A petition signed by 30,000 people was handed in to the meeting calling on shareholders to stop Vedanta’s local subsidiary, the Orissa Mining Corporation, opening a bauxite mine to feed the refinery, in the nearby Niyamgiri hills.

The development threatens the very survival of the Dongria Kondh indigenous community who live there. A report from Amnesty quotes a member of the community saying: “The hill is our god and the earth our goddess. Between the two we have the rains and the water. Those wanting to mine here will slowly take over this. Where will we go then?”

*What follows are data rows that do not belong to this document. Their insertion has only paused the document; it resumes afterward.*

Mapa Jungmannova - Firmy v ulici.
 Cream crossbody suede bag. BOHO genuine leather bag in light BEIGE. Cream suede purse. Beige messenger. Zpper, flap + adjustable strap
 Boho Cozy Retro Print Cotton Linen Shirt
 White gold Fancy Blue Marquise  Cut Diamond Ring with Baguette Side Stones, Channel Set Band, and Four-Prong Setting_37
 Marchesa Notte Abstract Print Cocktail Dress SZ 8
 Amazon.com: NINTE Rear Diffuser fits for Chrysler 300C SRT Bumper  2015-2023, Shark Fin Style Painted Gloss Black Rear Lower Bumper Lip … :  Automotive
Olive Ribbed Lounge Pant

An estimated 884 million people don’t have safe drinking water and about 1.5 million children under the age of five die each year from diarrhoea and other water-related causes. Dirty water kills more children than AIDS, malaria and measles together. Three and a half million people die each year as a result of contaminated water.

One of the United Nations-sponsored Millennium Development Goals agreed in 2001, was to halve the number of people who cannot reach or afford safe drinking water and halve the number who do not have basic sanitation. But in reality, the opposite is happening.

As the effect of global warming increases, water is becoming more than ever a scarce and expensive commodity. Some 10 million people in West Africa are facing starvation right now as a result of a long and worsening drought.

New figures show that global temperatures are soaring to their highest-ever level this year. The Met Office Hadley Centre, drawing on the work of more than 100 scientists from more than 20 institutions, has compiled ten indicators of temperature. “They provide, in a one place, a snapshot of our world and spell out a single conclusion that the climate is unequivocally warming,” the Met Office reports.

Clean water must be a right, but like all others it will need to be fought for in the teeth of opposition from the corporations and the rich. Rights can’t be left as words on paper, as all the Development Goals for Africa have been.

It is absolutely right to use any legal recourse to defend rights, including working through the United Nations. Ultimately, however, power rests in the hands of corporations and even governments have to kowtow to them. This week, for example, the government of Uruguay has been forced by Phillip Morris to revisit their strict no-smoking laws because the death-dealing corporation has made a complaint to the World Trade Organisation.

In our Manifesto of Revolutionary Solutions, we tried to put the concept of rights into a revolutionary context. We propose that human rights must expand beyond the concept of the individual to societal rights – the right to decent housing, health care and so on. This connects with the idea of “Mother Earth Rights”, proposed in the World People’s Declaration on Climate Change: for what is nature but the body of human beings, whose health is our health.